#### WHAT YOU NEED TO DO:
Your output consists solely of the lines from the one that contains "An American flag" to the end of the material, each reproduced exactly; pictures do not belong in it.

BEGIN

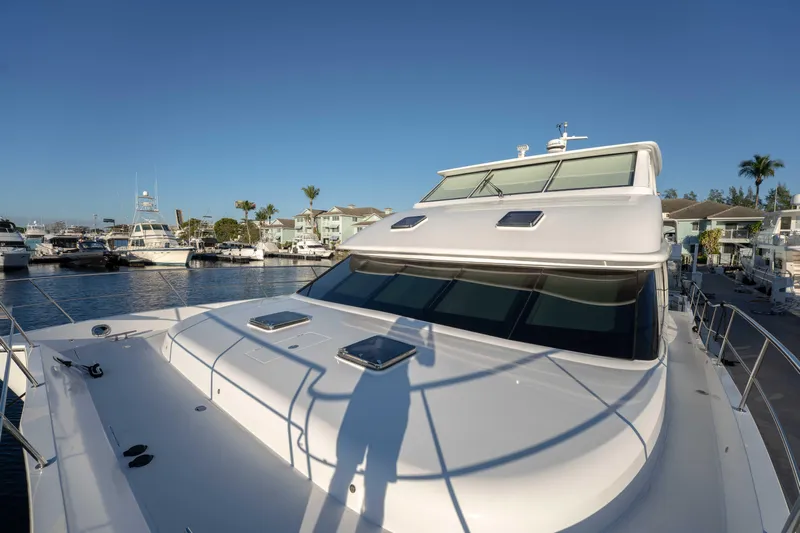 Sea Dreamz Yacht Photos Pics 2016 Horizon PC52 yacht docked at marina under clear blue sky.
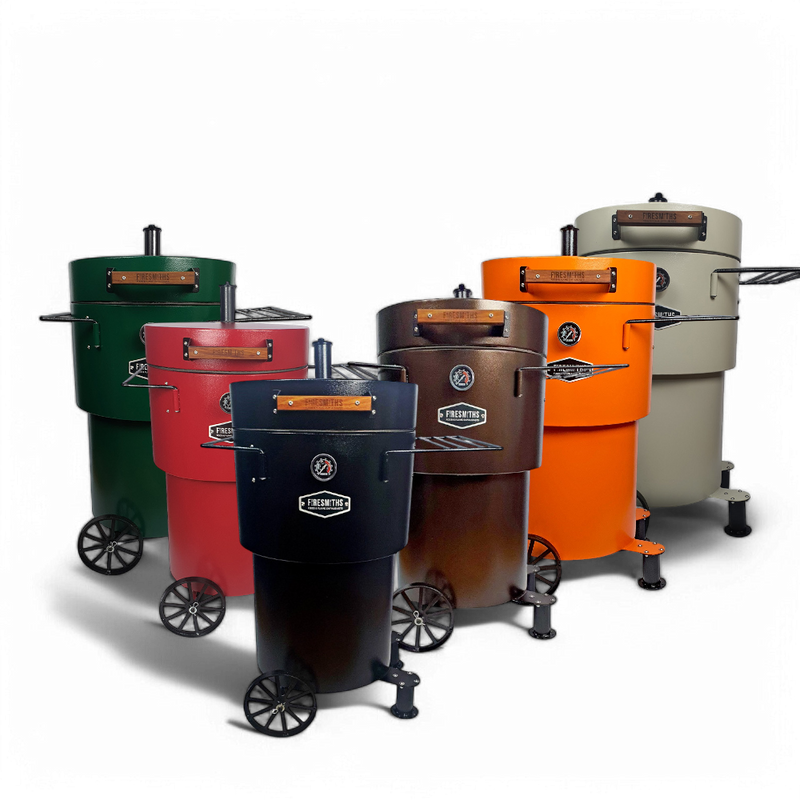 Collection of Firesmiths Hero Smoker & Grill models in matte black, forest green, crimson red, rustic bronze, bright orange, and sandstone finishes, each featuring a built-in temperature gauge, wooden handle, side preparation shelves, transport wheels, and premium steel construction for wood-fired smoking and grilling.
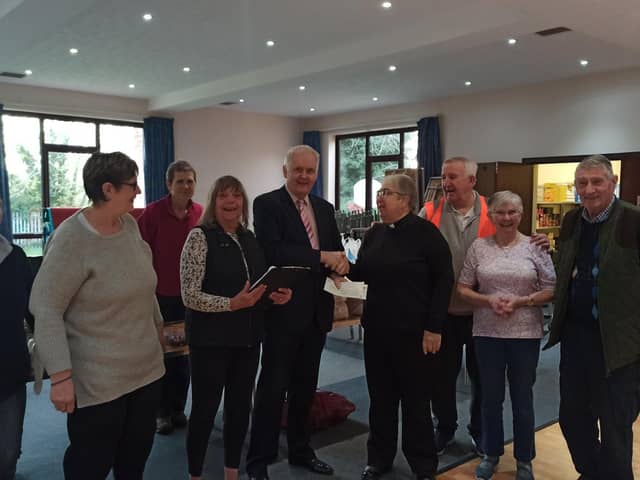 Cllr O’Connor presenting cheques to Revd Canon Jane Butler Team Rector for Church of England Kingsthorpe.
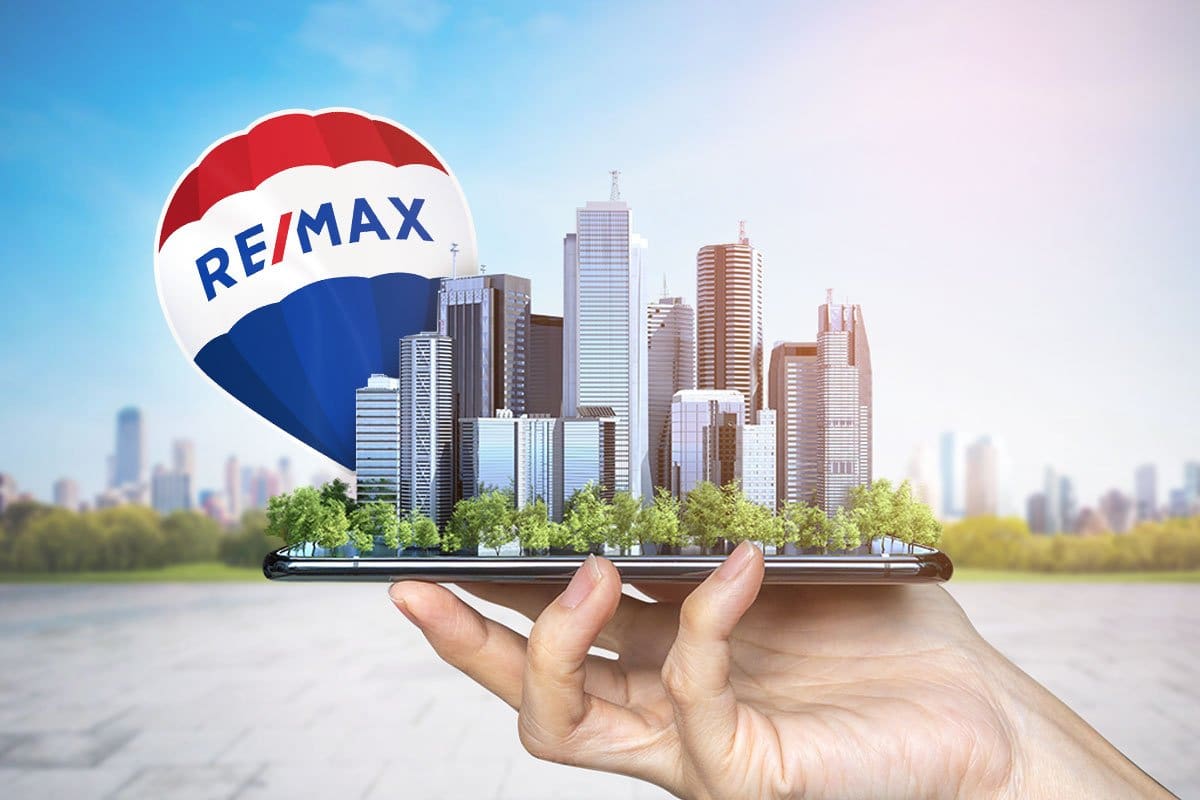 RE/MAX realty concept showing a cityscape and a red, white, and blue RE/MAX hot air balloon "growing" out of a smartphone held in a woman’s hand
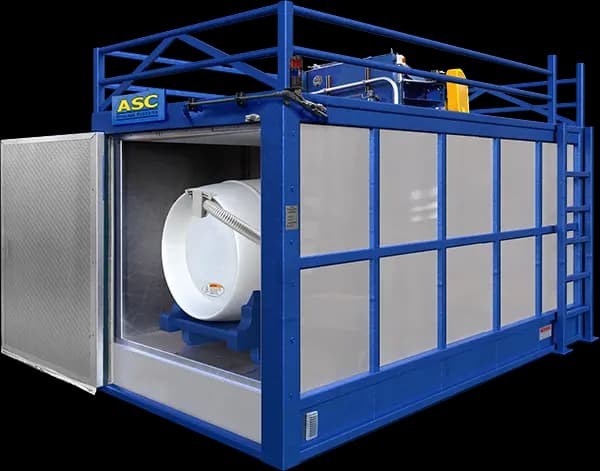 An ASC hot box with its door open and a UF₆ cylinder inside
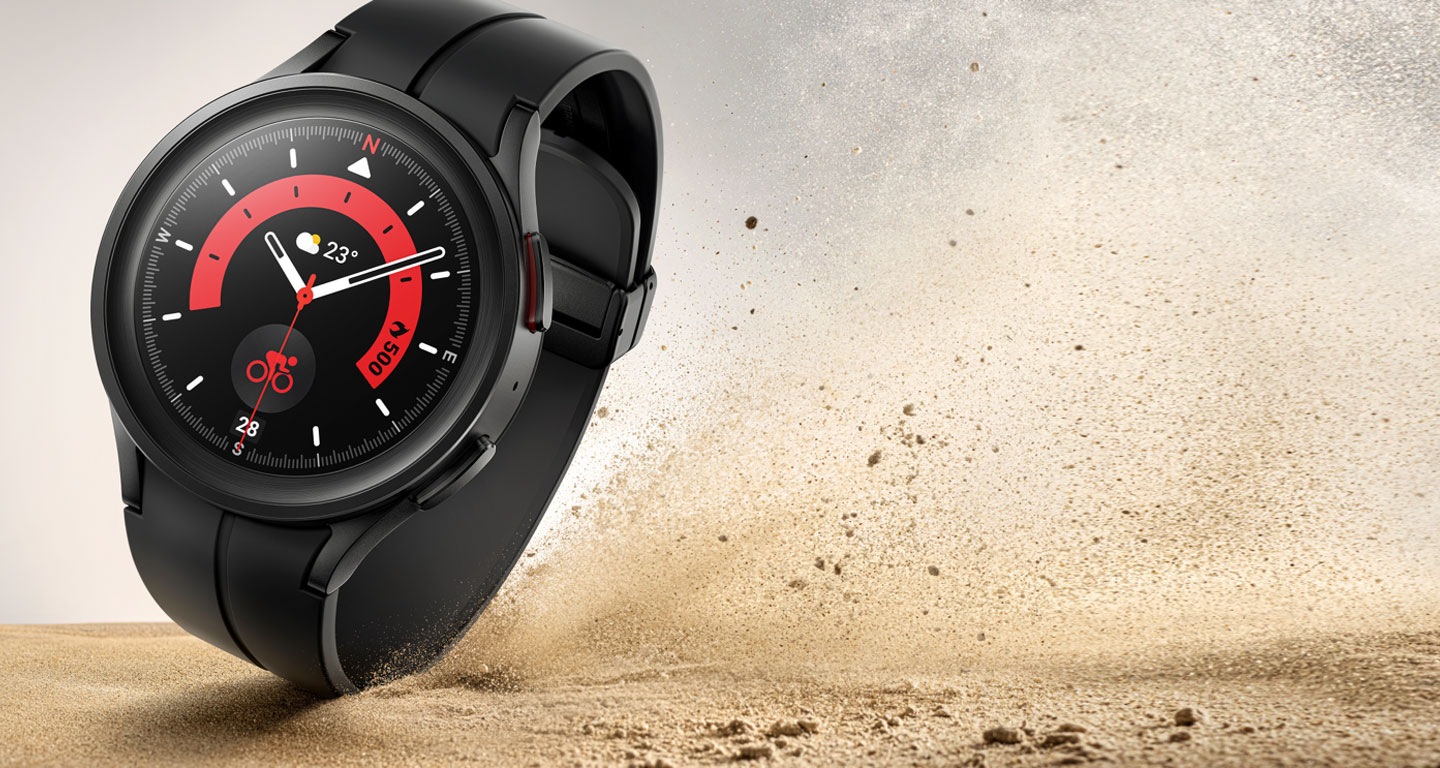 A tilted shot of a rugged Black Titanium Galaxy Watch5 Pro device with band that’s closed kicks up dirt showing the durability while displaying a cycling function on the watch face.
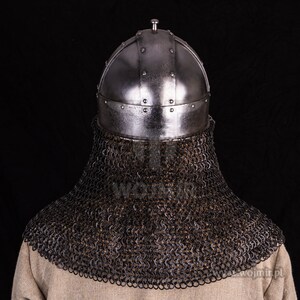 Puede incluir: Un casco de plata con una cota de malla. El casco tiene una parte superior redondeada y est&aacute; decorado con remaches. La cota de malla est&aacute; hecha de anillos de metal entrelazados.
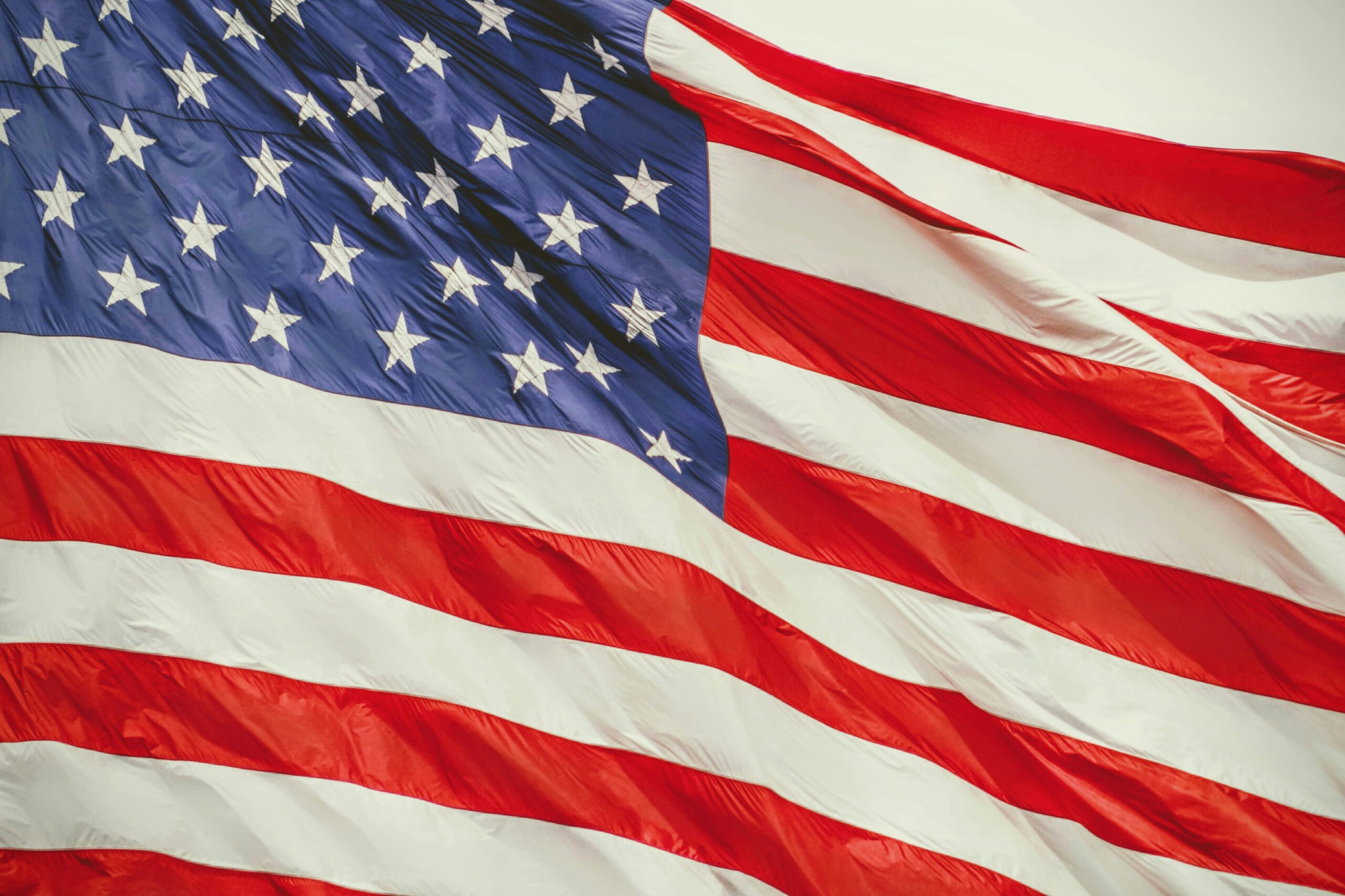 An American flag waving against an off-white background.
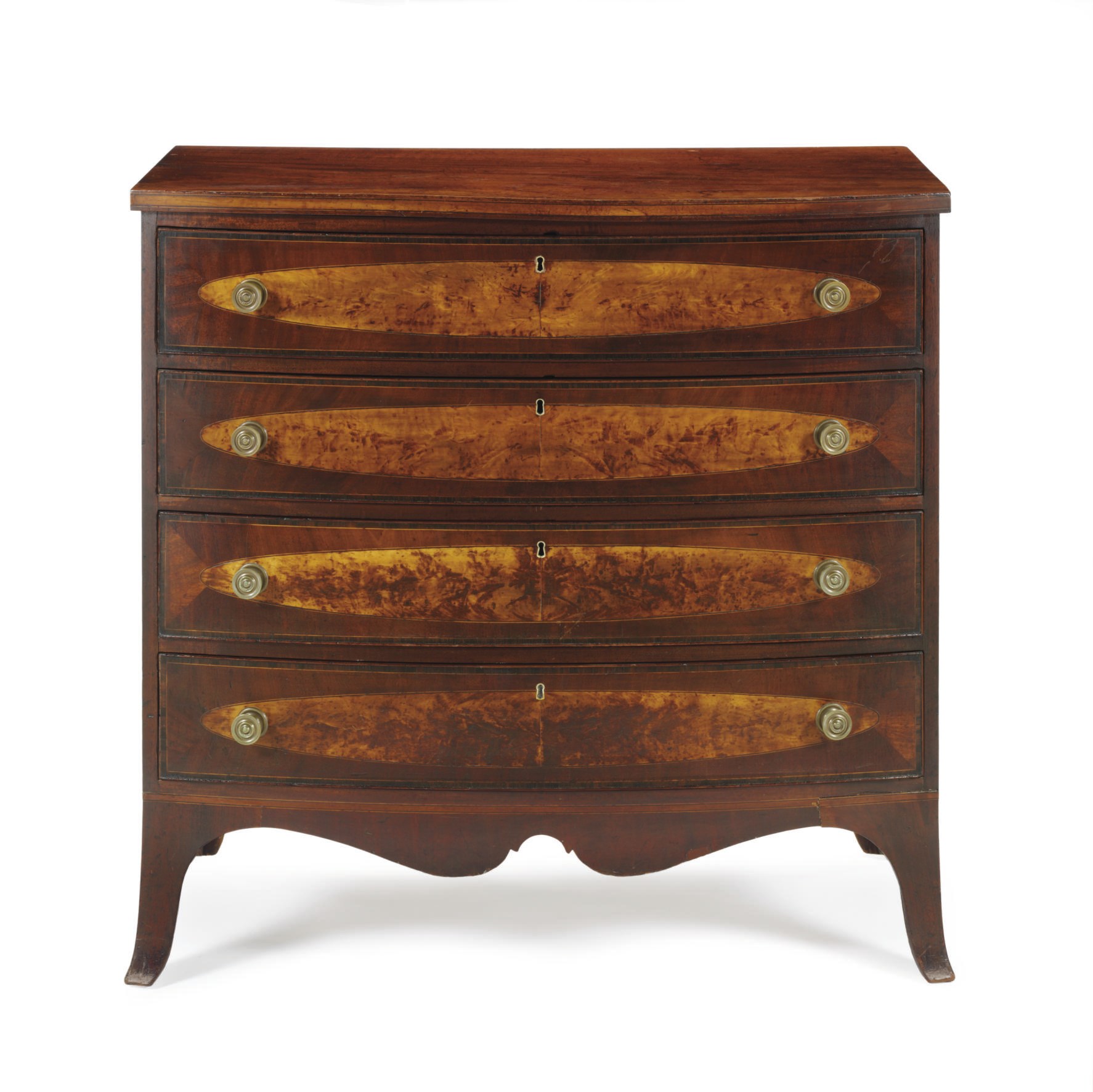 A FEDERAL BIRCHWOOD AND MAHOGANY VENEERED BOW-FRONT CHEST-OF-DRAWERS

END

#### WRITTEN RESPONSE:
 An American flag waving against an off-white background.
 A FEDERAL BIRCHWOOD AND MAHOGANY VENEERED BOW-FRONT CHEST-OF-DRAWERS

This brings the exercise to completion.